### DATA SHOWN
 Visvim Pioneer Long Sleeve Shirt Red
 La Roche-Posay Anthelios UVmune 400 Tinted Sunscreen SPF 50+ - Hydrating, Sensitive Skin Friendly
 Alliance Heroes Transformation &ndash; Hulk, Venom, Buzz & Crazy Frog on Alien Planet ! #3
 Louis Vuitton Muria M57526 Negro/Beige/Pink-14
--
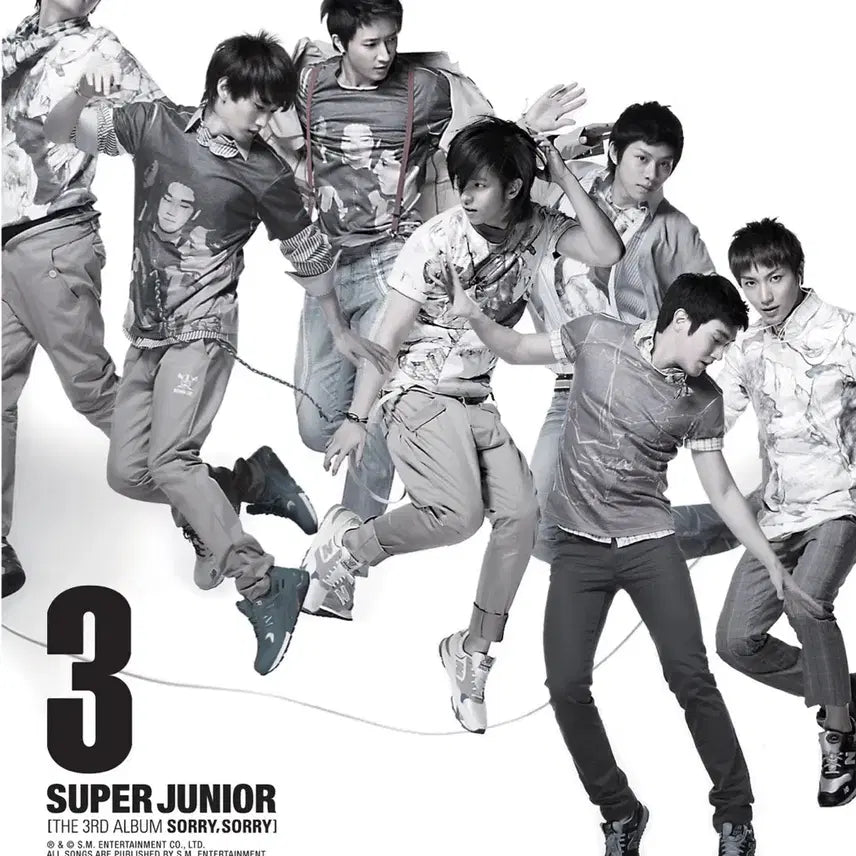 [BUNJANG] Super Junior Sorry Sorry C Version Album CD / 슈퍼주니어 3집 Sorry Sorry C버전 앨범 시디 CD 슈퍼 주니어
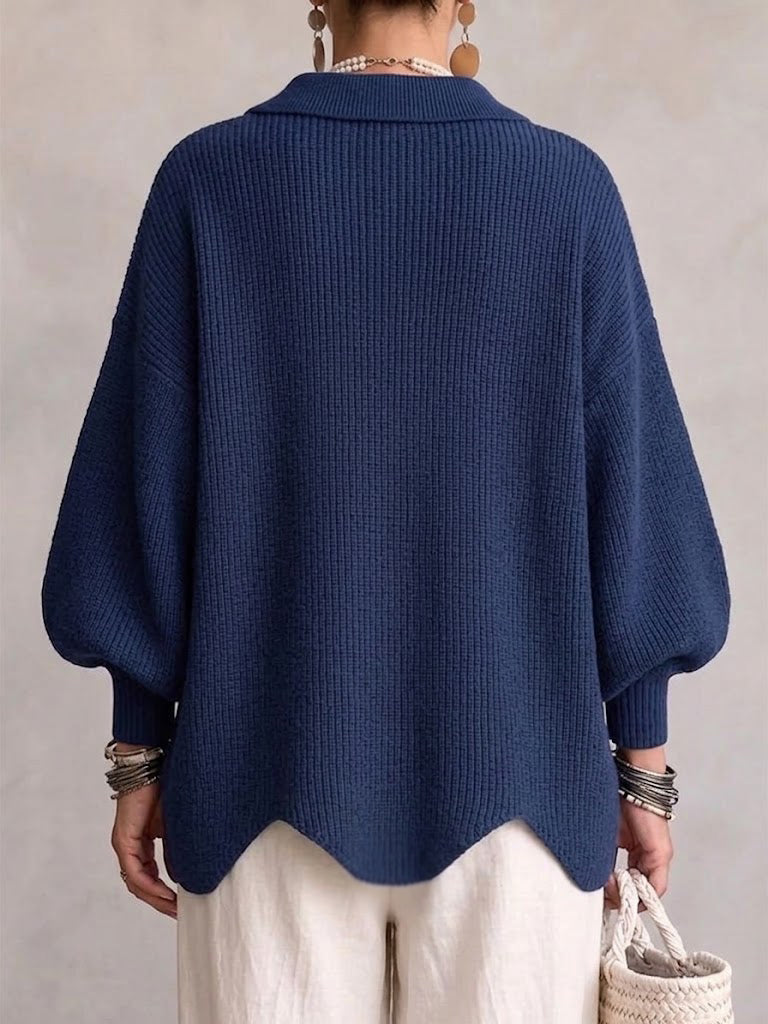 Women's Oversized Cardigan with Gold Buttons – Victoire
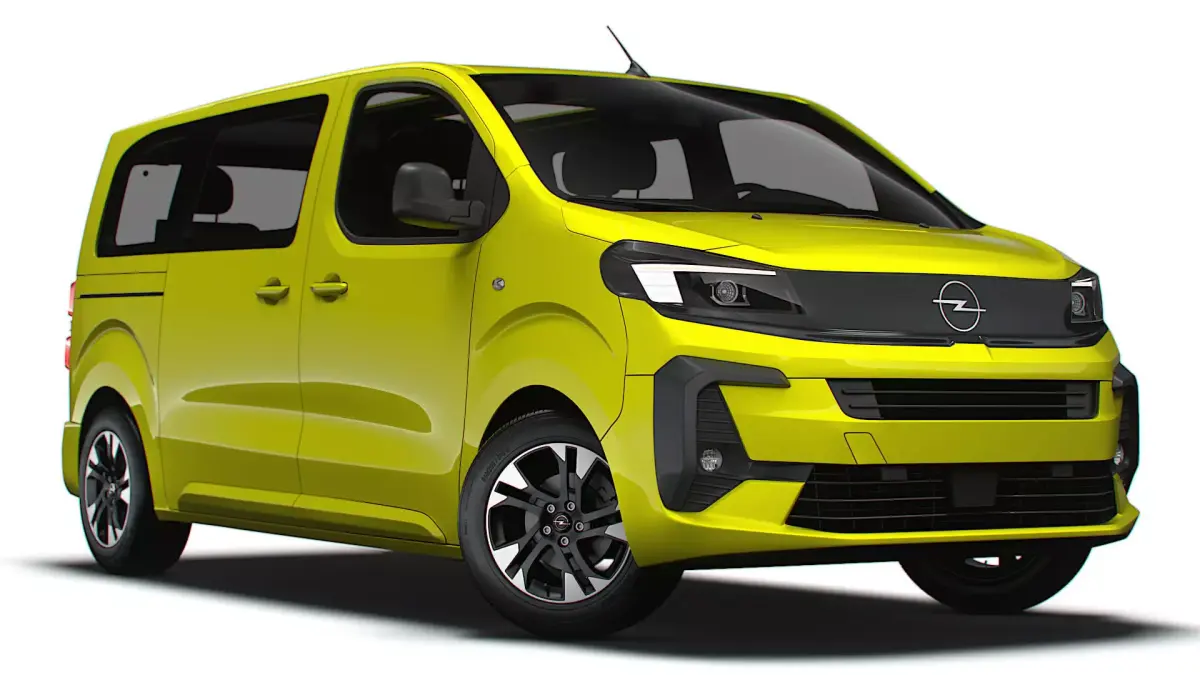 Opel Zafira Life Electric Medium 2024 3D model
* * *
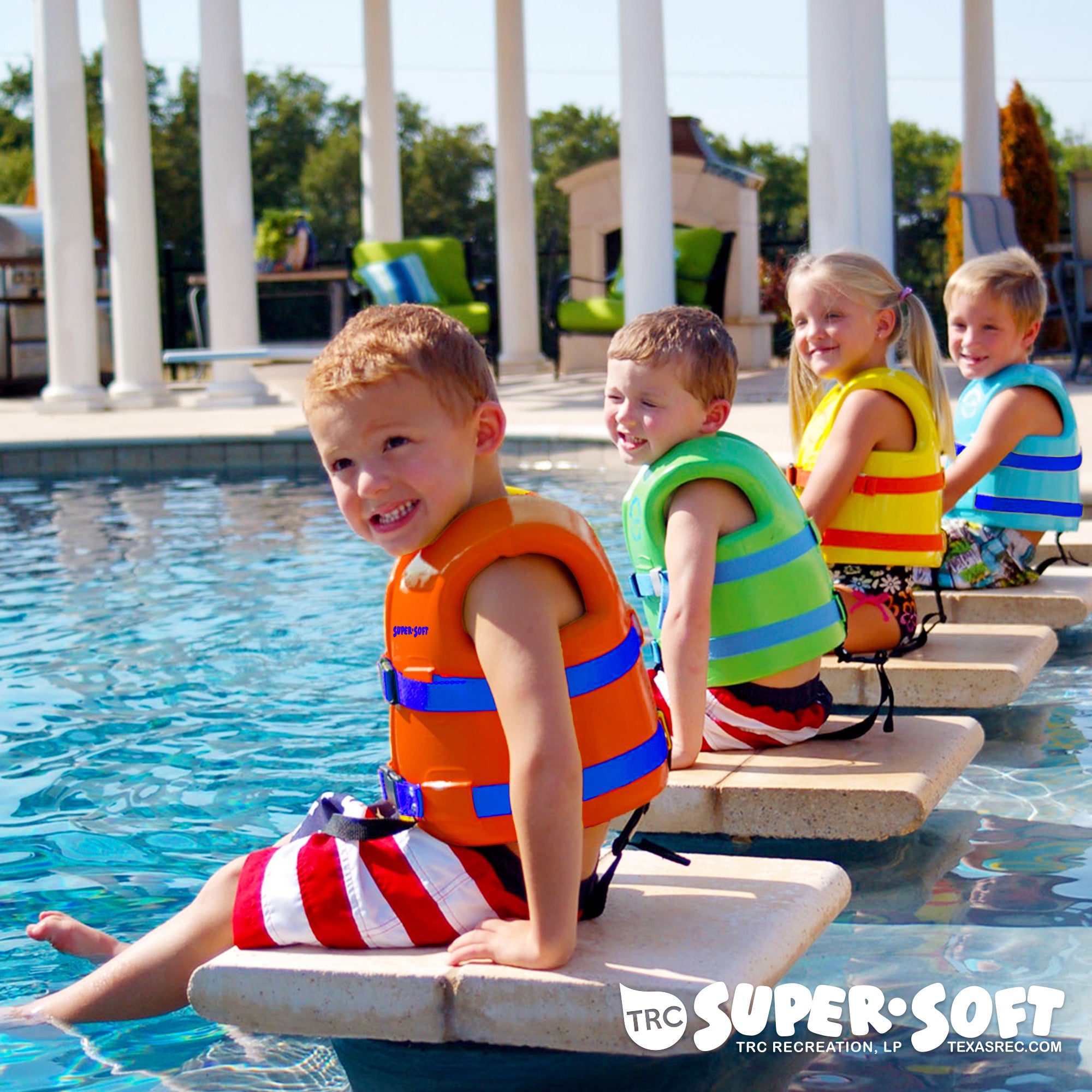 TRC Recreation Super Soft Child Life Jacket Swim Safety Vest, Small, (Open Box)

### PROMPT
Leave the pictures out. Output, exactly, the lines of the material above starting at the line containing "Women's Oversized Cardigan" and ending at the line containing "Opel Zafira Life".

### TASK ANSWER
 Women's Oversized Cardigan with Gold Buttons – Victoire
 Opel Zafira Life Electric Medium 2024 3D model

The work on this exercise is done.